AIM OF THE TASK:
Please return only the lines from the one with "зимняя фотосессия лав" through the final line of the data, unchanged, with pictures omitted.

RECORDS FOR THIS TASK:

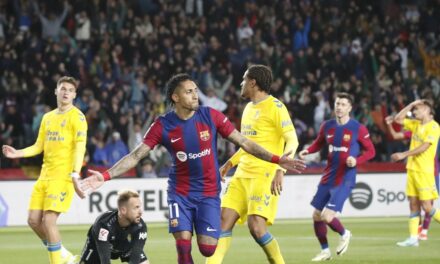 El Barça bate al Las Palmas y presiona al Madrid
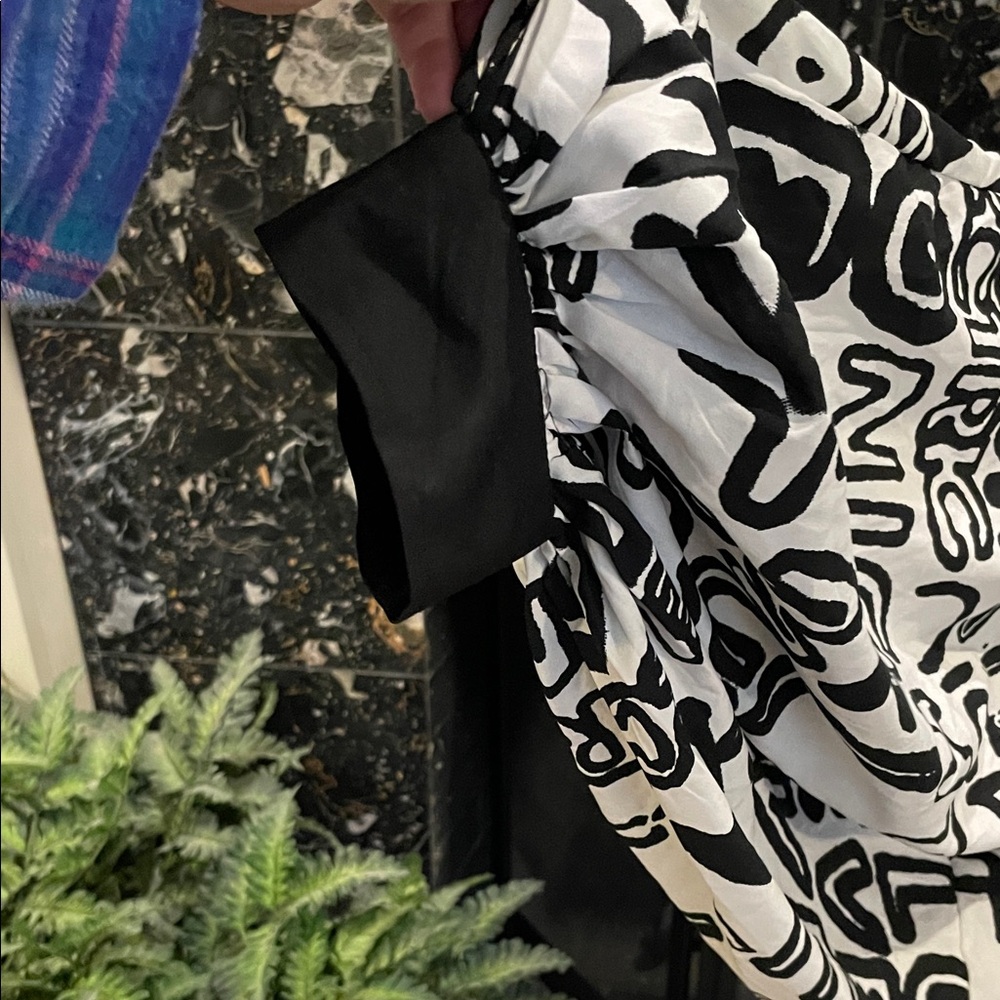 Live 4 Truth Monochrome Graphic Shirt - Picture 4 of 10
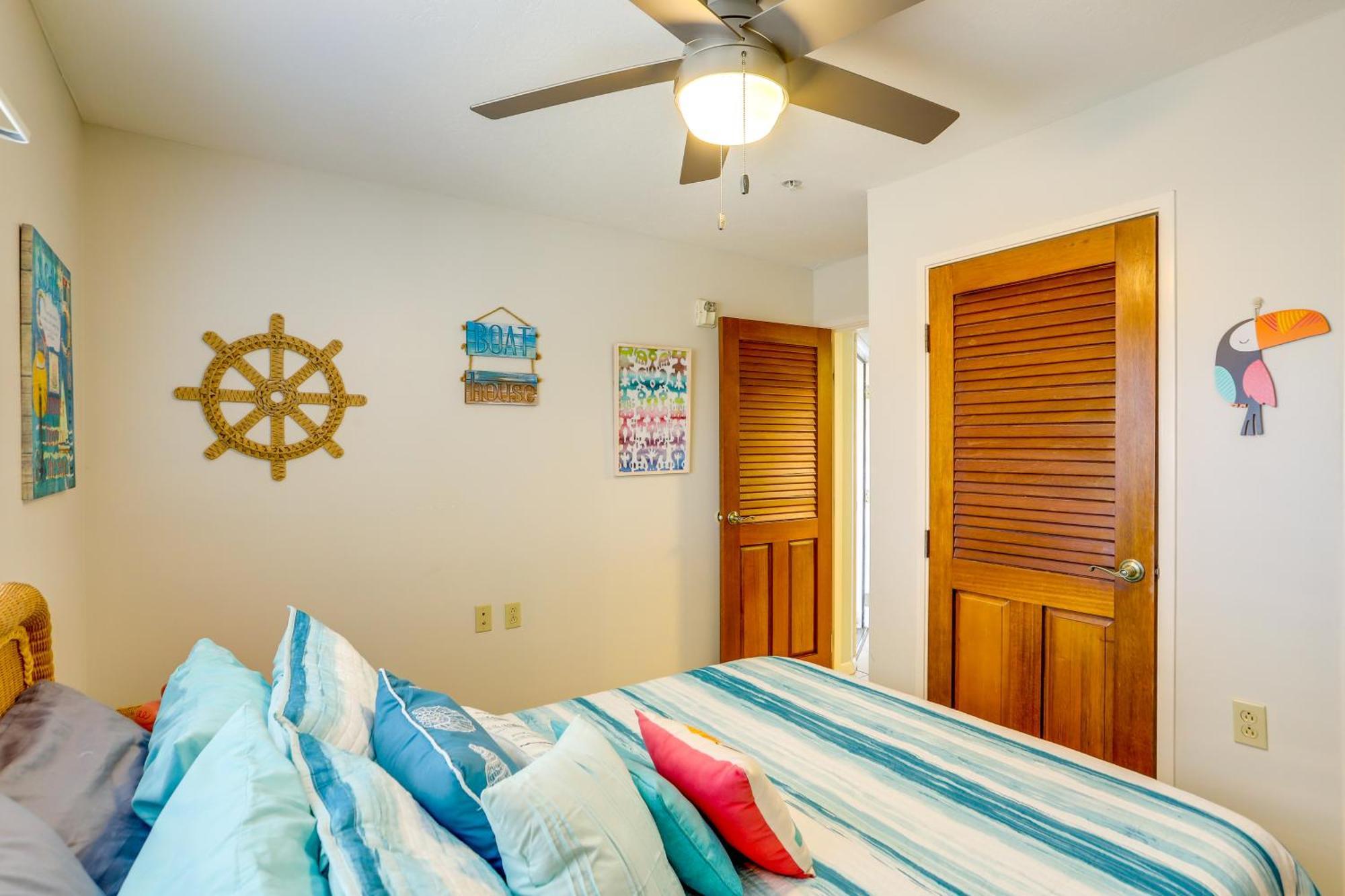 Waterfront Middle Bass Condo With Pool Access! Put-in-Bay Exterior photo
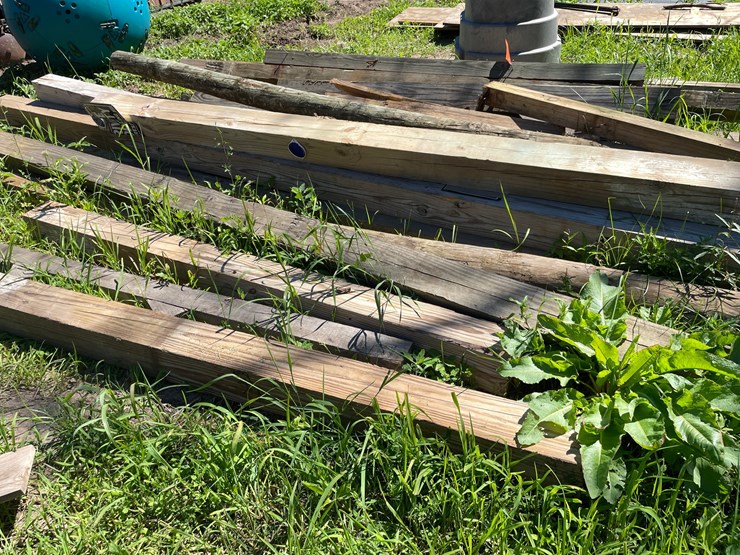 #7129-•-pile-of-used-wooden-posts-image-4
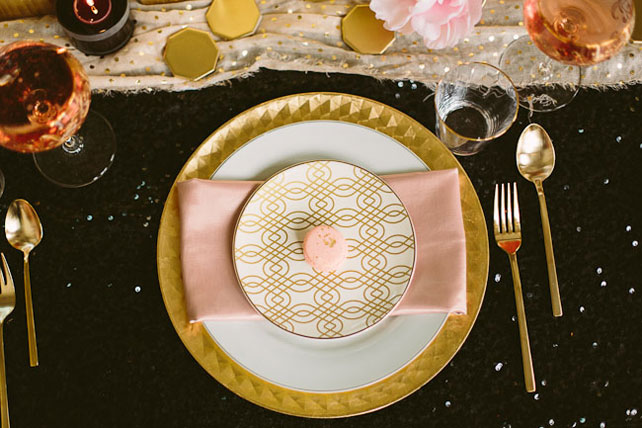 зимняя фотосессия лав стори, романтический новогодний ужин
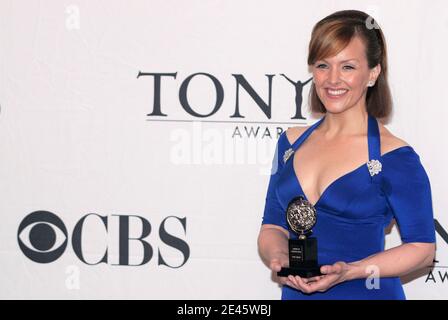 Il vincitore Alice Ripley si pone nella sessantatreesima Sala stampa annuale Tony Awards in Top of the Rock del Rockefeller Center New York City, USA il 7 giugno 2009. (Nella foto : Alice Ripley) Foto di Donna Ward/ABACAPRESS.COM Foto Stock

TASK RESULT:
 зимняя фотосессия лав стори, романтический новогодний ужин
 Il vincitore Alice Ripley si pone nella sessantatreesima Sala stampa annuale Tony Awards in Top of the Rock del Rockefeller Center New York City, USA il 7 giugno 2009. (Nella foto : Alice Ripley) Foto di Donna Ward/ABACAPRESS.COM Foto Stock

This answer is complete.